TASK PROMPT: Using the entries that follow, write out the line containing "Margaret Godfrey Leather A-Line Mini Skirt", the line containing "Kit Mueble +", and every line between them, exactly and nothing else.
Start of DATA PROVIDED
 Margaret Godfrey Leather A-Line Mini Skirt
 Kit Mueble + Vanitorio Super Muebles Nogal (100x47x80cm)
End of DATA PROVIDED
Start of DATA PROVIDED
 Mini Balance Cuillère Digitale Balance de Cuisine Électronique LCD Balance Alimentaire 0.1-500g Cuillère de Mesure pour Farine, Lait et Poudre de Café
End of DATA PROVIDED
SOLUTION:
 Margaret Godfrey Leather A-Line Mini Skirt
 Kit Mueble + Vanitorio Super Muebles Nogal (100x47x80cm)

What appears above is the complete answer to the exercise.